Officer McGowan was simply performing his duty as a police officer to investigate a citizen complaint, motivated by a concern that the defendant might be in need of assistance. Once on the scene, the officer acted prudently for the protection of the safety of the concerned citizen and his neighbors in the community when he proceeded to check out the defendant’s car and identification.
Given the fact that the initial contact was justified, the ultimate pat-down was also justified in that defendant’s furtive movements and nervous appearance when observed by Officer McGowan formulated a reasonable ground to believe that the defendant was armed and potentially dangerous.

Id. at 388.

Unlike the factual situation in Lightbourne, the officer in the present case was not responding to a tip of suspicious activity. Nor was he concerned for the protection of anyone after he looked at appellant’s identification. We thus find Lightboume distinguishable.

State v. Chang, 668 So.2d 207 (Fla. 1st DCA 1996), contains dicta which would be contrary to our holding; however, it is factually distinguishable. In Chang, the officer had returned the defendant’s license after a check did not show any outstanding warrants and obtained a consent to search which was not related to the warrant check. There is similar dicta which would be contrary to our holding in the present case in State v. Robinson, 740 So.2d 9 (Fla. 1st DCA 1999) and State v. Arnold, 475 So.2d 301 (Fla. 2d DCA 1985). Robinson is distinguishable for the same reason as Chang, and in Arnold a citizen had complained of suspicious boat activity at night on the Caloosahatchee River.

We are not certifying conflict with the dicta in these cases because, under Article V, Section 3(b)(4), our supreme court has discretionary jurisdiction to review any “decision” of a district court of appeal that is certified to be in direct conflict with a decision of a different district court of appeal. We do not consider a conflict by virtue of dicta to present conflicting “decisions.”

We conclude that, in the present case, at the point in time after the officer had inspected appellant’s driver’s license, the consensual encounter had ended. When the officer retained it in order to investigate further by running a warrant check, no reasonable person would have felt free to leave.

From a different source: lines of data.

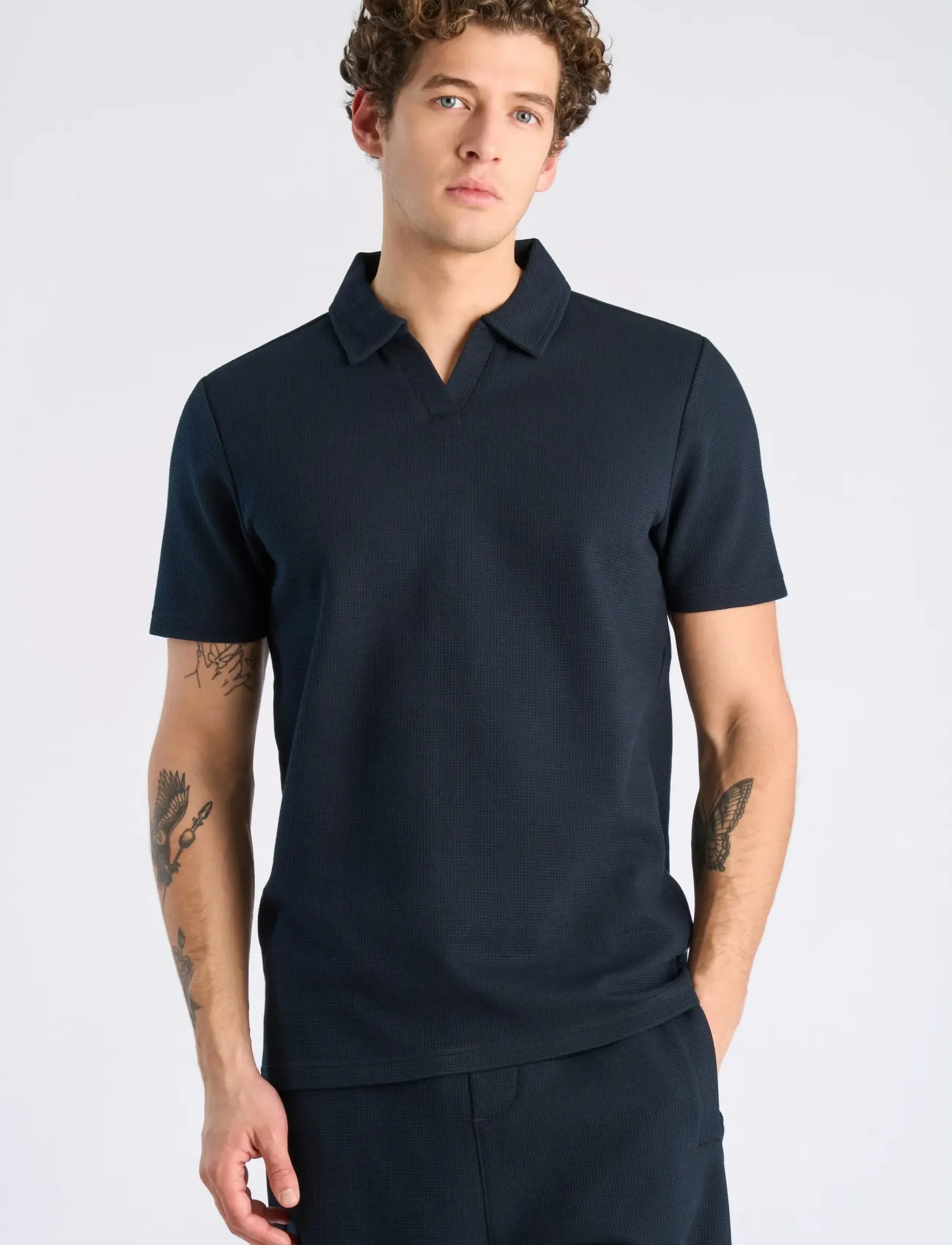 Lindbergh - Waffle polo split neck - kortärmade pikéer - navy - 3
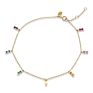 Lozrunve 925 Sterling Silver Chain Cz Baguette Rainbow Bracelet Anklet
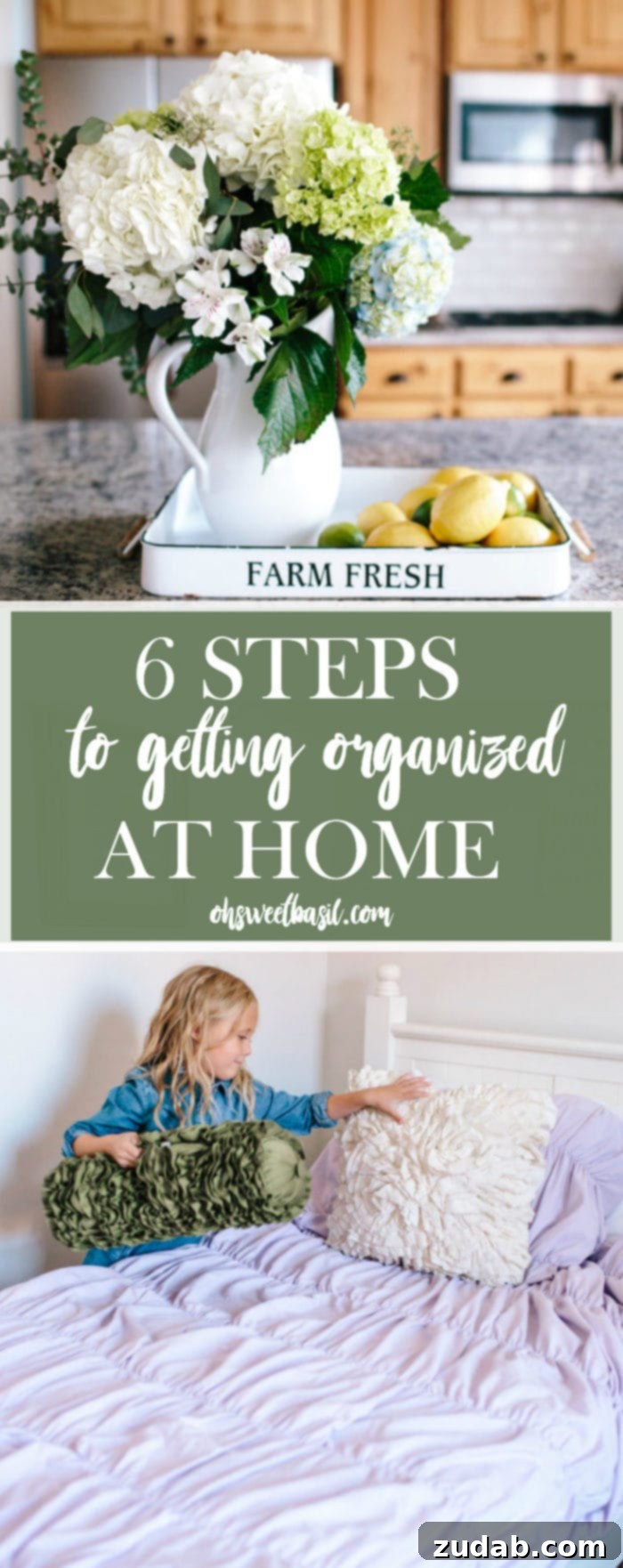 Your 6-Step Blueprint for an Organized Home 8 A beautifully organized living room with natural light, representing the outcome of effective home organization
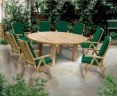 Titan Round 1.8m Table with 8 Recliners Teak Dining Set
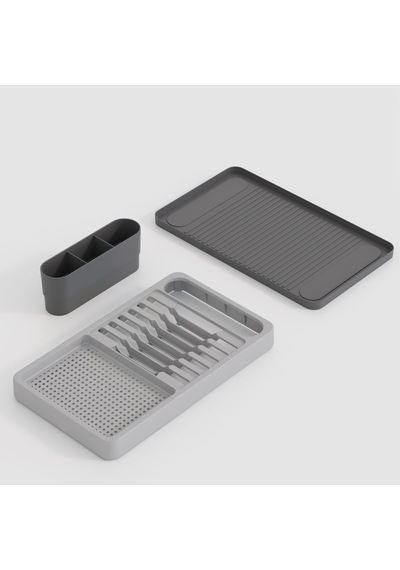 Deconox Aqua Gri Tezgah Üstü Bulaşıklık - Modern Mutfak Organizer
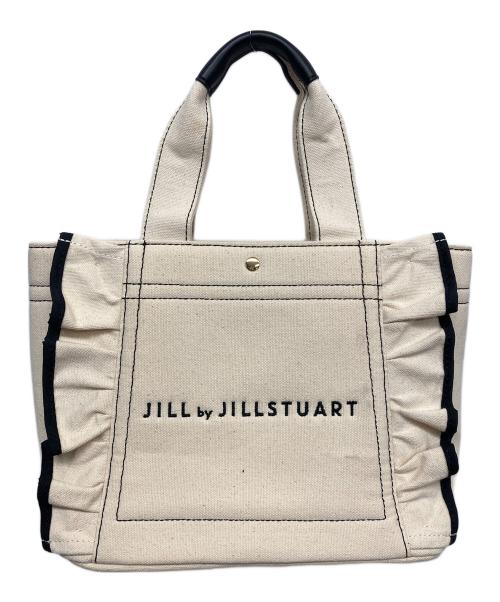 JILL BY JILLSTUART（ジル バイ ジルスチュアート）JILL BY JILLSTUART (ジル バイ ジルスチュアート) キャンバスフリルハンドバッグ ベージュの古着・服飾アイテム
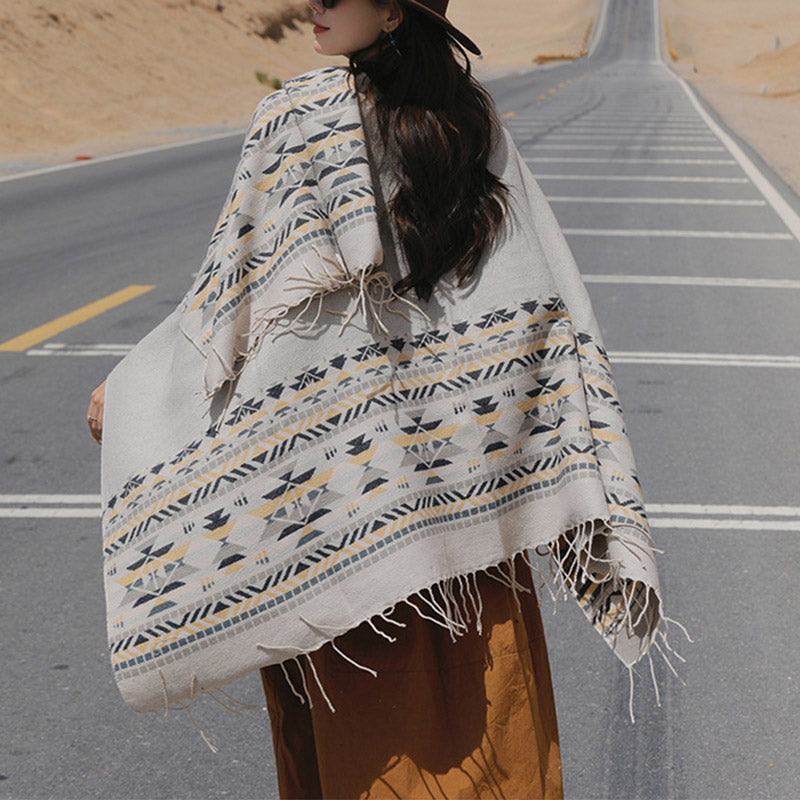 Buddha Stones Tibetan Shawl Colorful Geometry Winter Cozy Travel Scarf Wrap - Beige 150*130cm - image 25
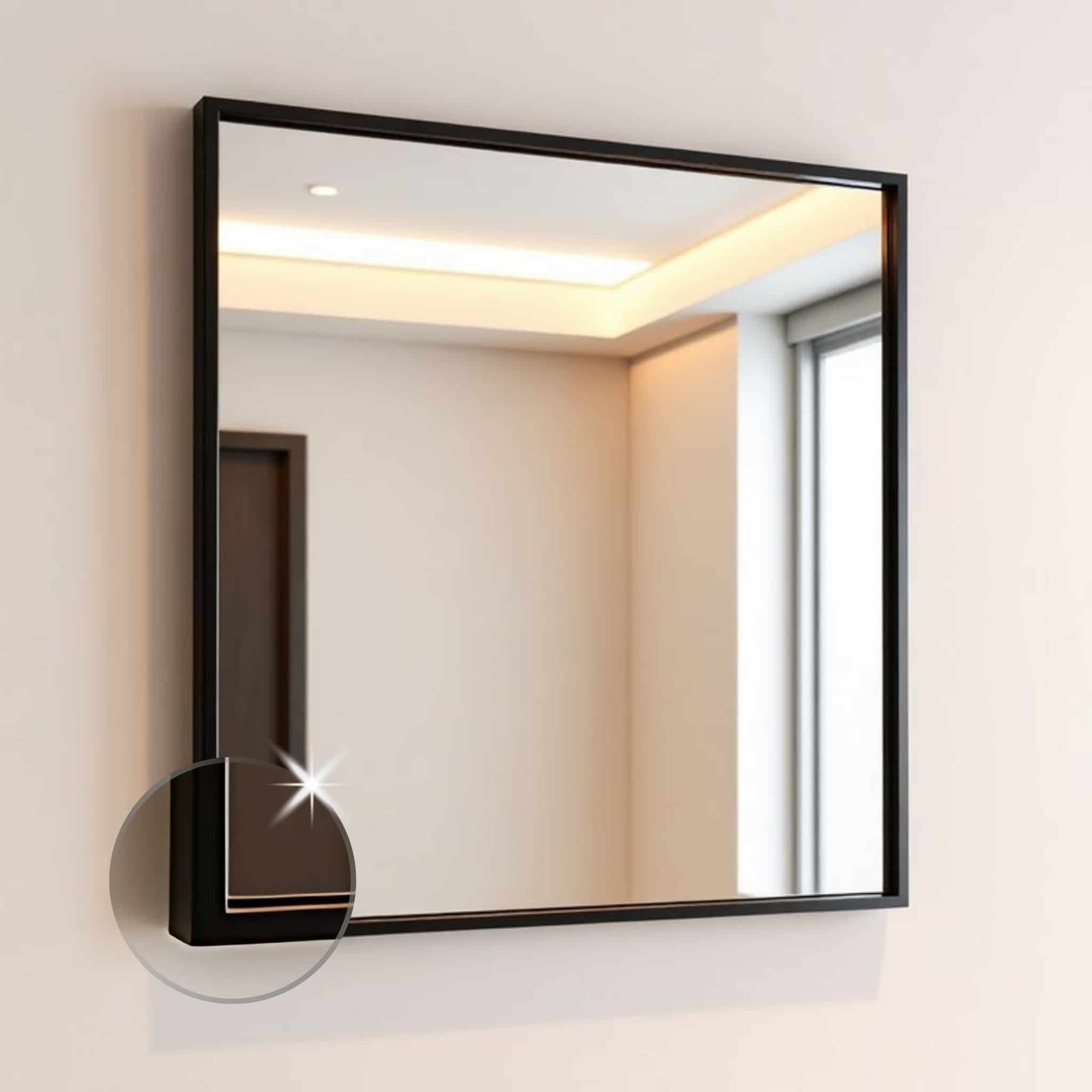 מראה מלבנית עם מסגרת אלומיניום שחור 60*100 ס"מ – תמונה 3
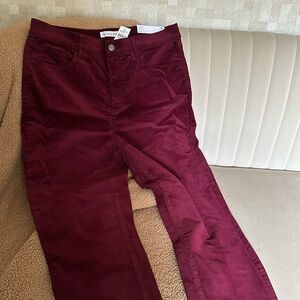Burgundy High Rise Skinny Corduroy LOFT pant size 30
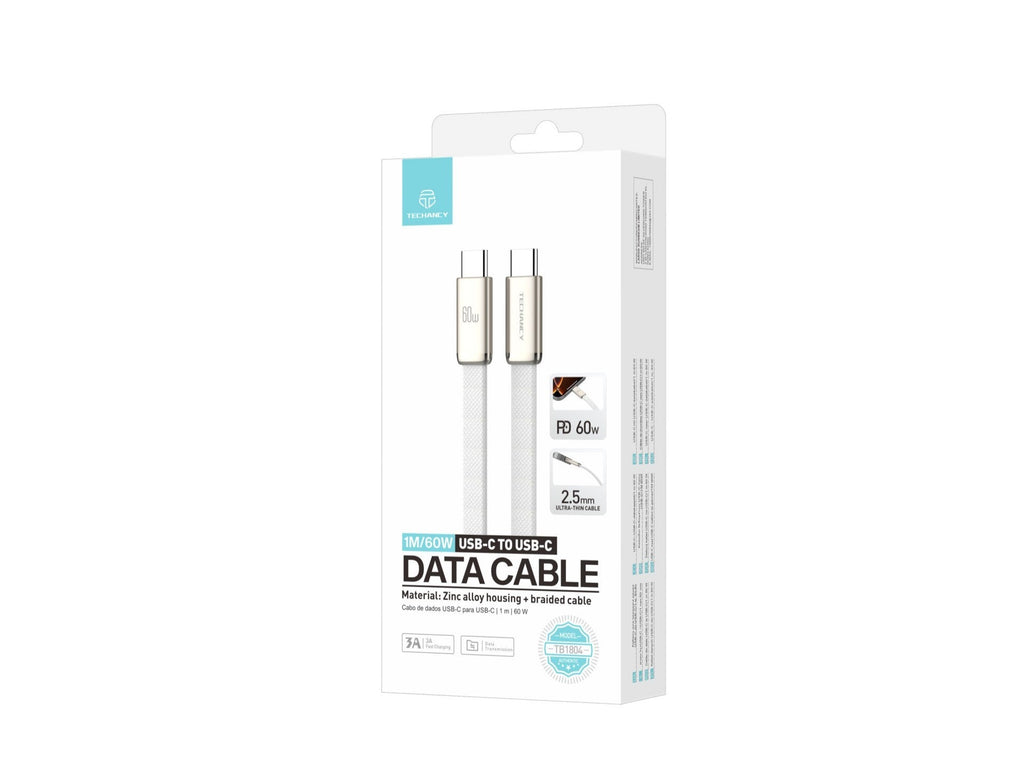 Techancy Cabo de Dados USB C para USB C 60W TB1804 Carregamento Rapido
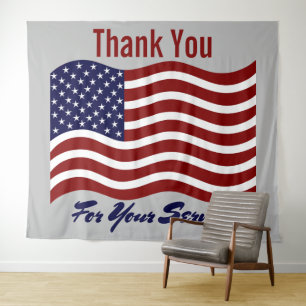 Thank You American Flag Veterans Photo Backdrop Tapestry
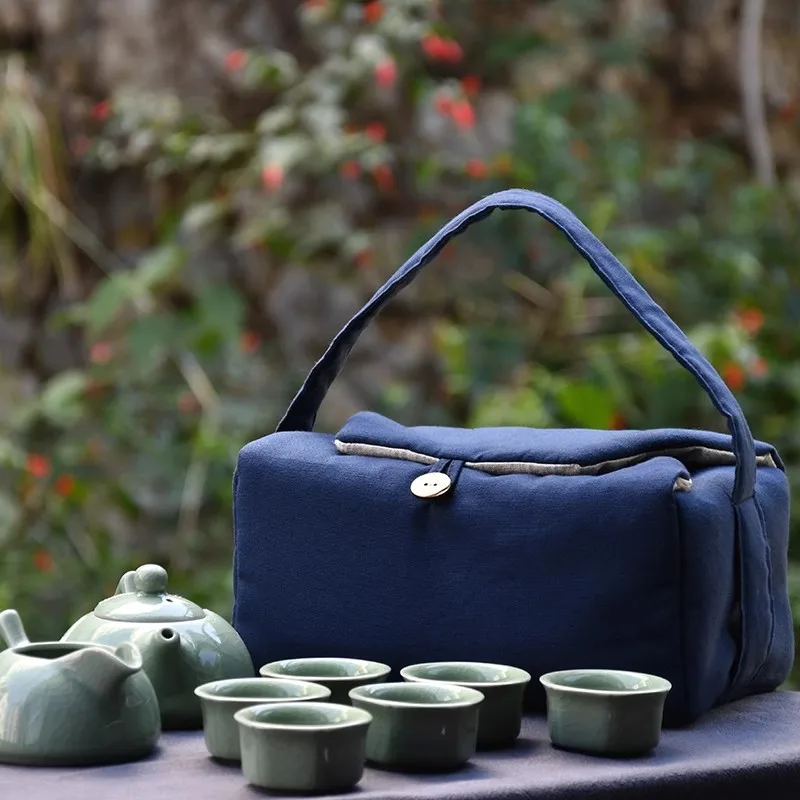 Teacup Bag Portable Travel Tea Set Storage Bag Tea Pots Four Or Six Cups Large Cloth Outdoor Organizer Tea Storage Bags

The search which produced the cocaine, accordingly, was the fruit of an unlawful seizure and violated the Fourth Amendment. The court erred in denying the motion to suppress.

WARNER and FARMER, JJ., concur. 
      
      . Our reluctance to certify conflict should not be interpreted as discouraging the state from seeking discretionary review under Article V, Section 3(b)(3) which authorizes the supreme court to review conflicting decisions where there is no certification of conflict because: (1) whether the conflicting language in Chang, Robinson and Arnold is dicta is a close question, and (2) we may be wrong in our interpretation of the supreme court’s opinion in Lightbourne.